English
International Committee of the Fourth International
How the GPU Murdered Trotsky

The cover-up takes shape

Reexamination of Joseph Hansen’s writings following the assassination of Leon Trotsky shows that he deliberately creates some doubt as to whether or not Trotsky’s own carelessness was responsible for what happened on August 20, 1940, at Coyoacan. It emerges most strikingly in his major article on the assassination, which he self-effacingly called “With Trotsky to the End.” He says that Trotsky disliked the elaborate security arrangements at Coyoacan; opposed the screening of visitors; demanded to be left alone with callers; and “hated” suspicions among members of the organization. This is a conscious and deliberate falsification of Trotsky’s attitude to revolutionary security.

The article contains a section under the subheading, “Could We Have Prevented It?” Hansen answers the question by creating the impression that what happened was Trotsky’s fault. He writes:

Since September 1937 Trotsky’s secretaries tried to institute a system in the household whereby everyone who entered would be searched for concealed weapons. They also attempted to make it an iron rule that Trotsky was never to talk with anyone alone in his study. Trotsky could not endure either of these rules.

The reader is presented with a picture created by Hansen that Coyoacan was an open house. He says as much a few sentences later:

Trotsky had dozens upon dozens of friends in Mexico, whom the guards—so far as their vigilance was concerned—placed in the same general category as Jacson (Mercader) before the assault.

According to this description by Hansen, any one of “dozens of dozens” of visitors could have been a GPU agent, could have walked into Trotsky’s study with an ice pick, could have met him alone and murdered him.
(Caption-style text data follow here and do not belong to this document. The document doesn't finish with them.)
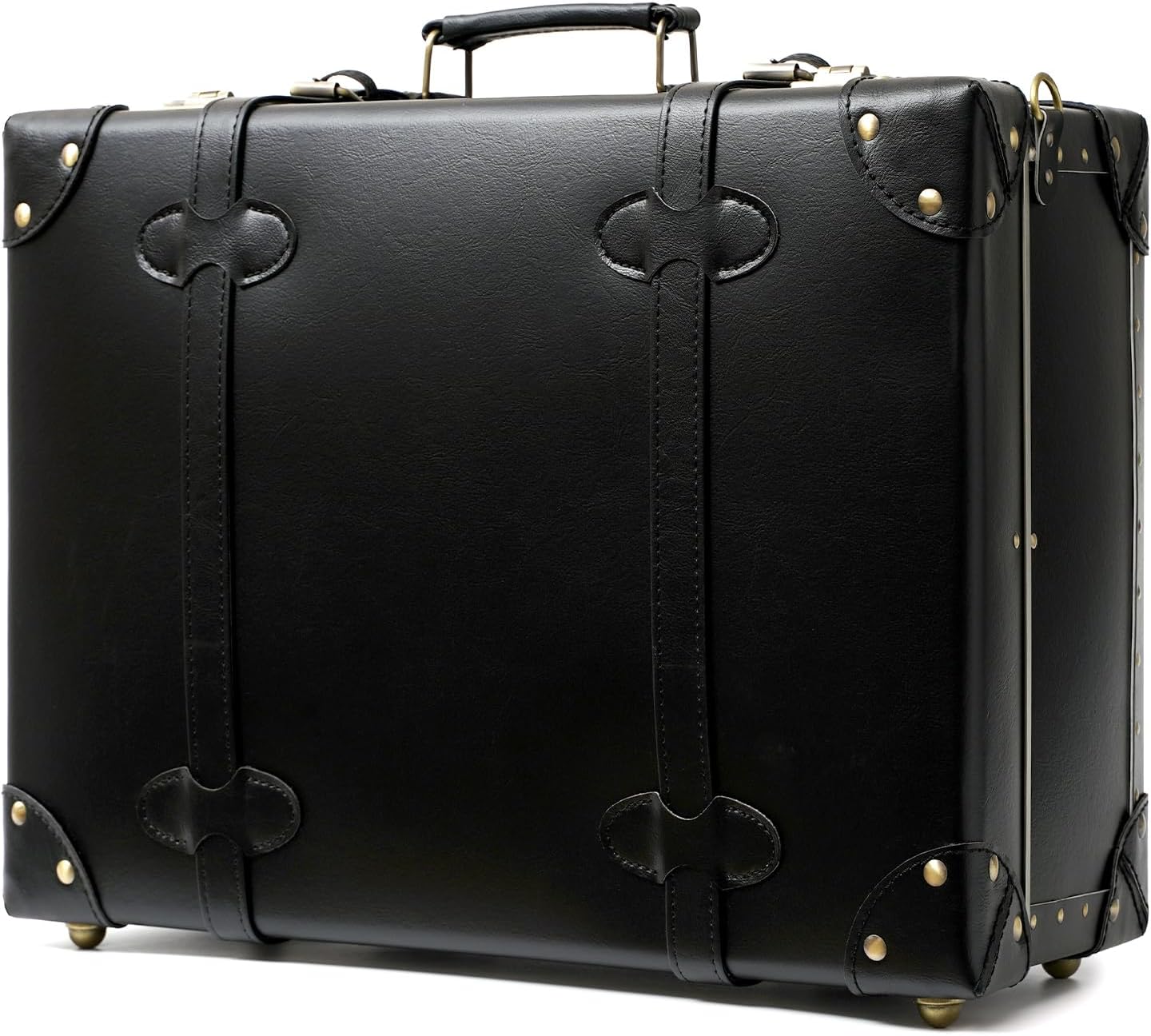 urecity Vintage and Cute Carry-on Overnight Case Non-wheeled Mini Leather Trunk Suitcase with Shoulder Strap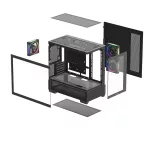 DeepCool Számítógépház - CG380 3F (fekete, ablakos, 3x12cm A-RGB, BTF, mATX, 2xUSB3.0, 1xUSB2.0)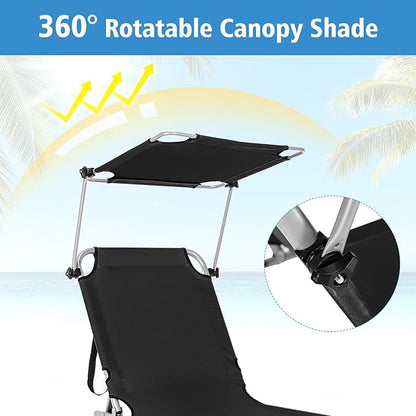 Goplus Tanning Chair, Foldable Beach Lounge Chair with 360°Canopy Sun Shade, Side Pocket, 5-Position Adjustable Outdoor Chaise Lounge Chair for Patio Pool Yard Lawn (2, Black)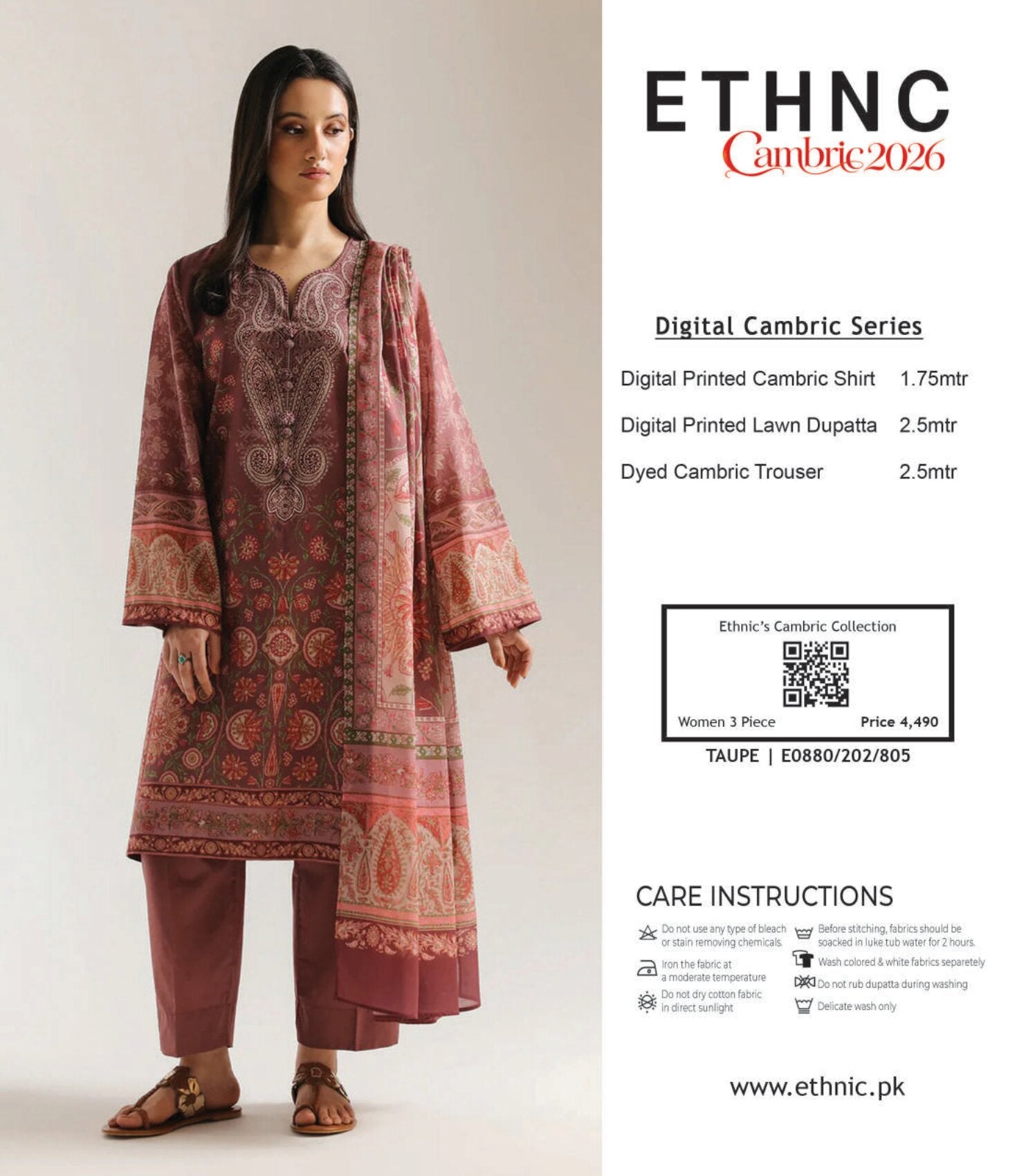 ETHNC | 3 PCS UNSTITCHED SUIT | CAMBRIC 2026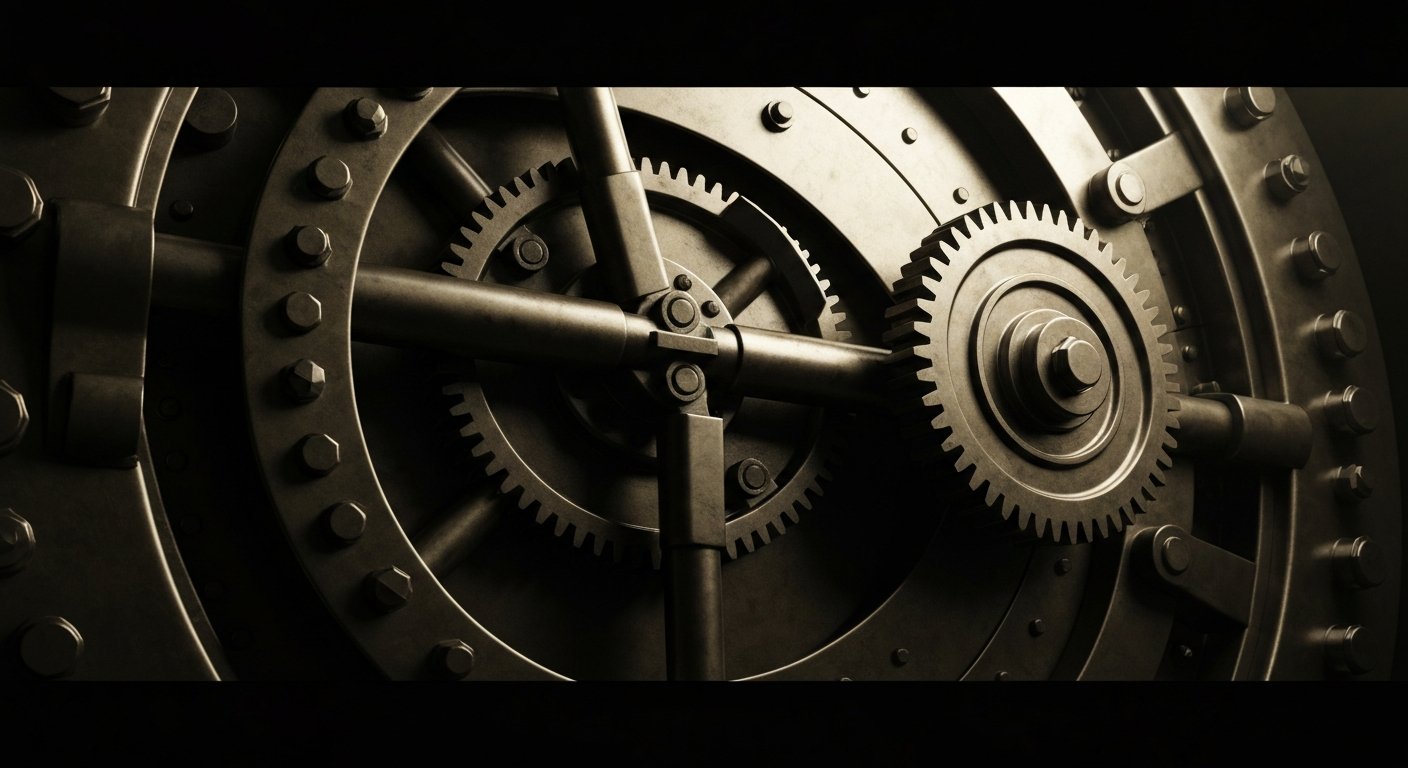 A highly detailed, black-and-white close-up image of the complex machinery and gears that make up the inner workings of a large, industrial bank vault door, conveying a sense of the secure, institutional nature of the financial services industry.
Is this a serious or accurate picture of Trotsky’s final residence in exile? This is how three other observers described it:

General Leandro A. Sanchez Salazar, chief of the Mexican secret police:

We approached the gate of the fortress-house. It was a summer residence, built at the end of the last century, simply constructed. It was “T” shaped. The iron railings which had surrounded it had been replaced by a high wall of concrete, surmounted by battlemented towers, which now made it a veritable fortress. This gate, the high stern walls and the machine-gun towers, gave it the air of a prison rather than a dwelling-house. What precautions the old revolutionary had had to take to protect his life! The precautions adopted by Trotsky and his guards had, I repeat, transformed their house into an impregnable fortress. The interior system of defense could not have been more complete. It was obvious that the old revolutionary, feeling his life threatened and knowing better than anyone the strength and cunning of his enemies, had spared no effort. (Murder in Mexico, by General Sanchez Salazar, Secker and Warburg, 1950.)

Historian Isaac Deutscher:

The house was old and roughly built, but fairly solid and spacious; and it stood in its own grounds, separated by thick walls from the road and the surroundings. Later on a watch tower was to be erected at the entrance gate; immediately doors were heavily barred, sandbags were put up against the walls, and alarm signals were installed. Day and night five policemen were on duty in a street outside; and eight to 10 Trotskyists guarded the house inside. (The Prophet Outcast, by Isaac Deutscher, Oxford University Press, 1963.)

Writer Isaac Don Levine:

Nevertheless, measures were being taken to protect Trotsky against the expected attack. His followers and sympathizers raised several thousand dollars in the United States to transform the Coyoacan villa into a virtual fortress. A military engineer was called in to plan the reconstruction. Twenty-foot walls were built. A redoubt was constructed with bomb-proof ceilings and floors. Double steel doors, controlled by electric switches, replaced the old wooden entrance. Three bullet-proof towers were erected to dominate not only the patio but the surrounding neighborhood. Barbed-wire entanglements and bomb-proof nets were being installed. The Mexican government tripled the number of outside police guards on duty around the place. (The Mind of an Assassin, Weidenfeld and Nicholson, 1959.)

These are descriptions of a physical environment which Trotsky himself called “our own prison.” Hansen says that Trotsky “did not feel happy about living in such a place”—an insinuation that he was opposed to the fortifications too. But this is not borne out by the memory of other guards. They recall how Trotsky took a detailed interest in the construction of the security measures, even down to a discussion over where and how big the gun apertures should be.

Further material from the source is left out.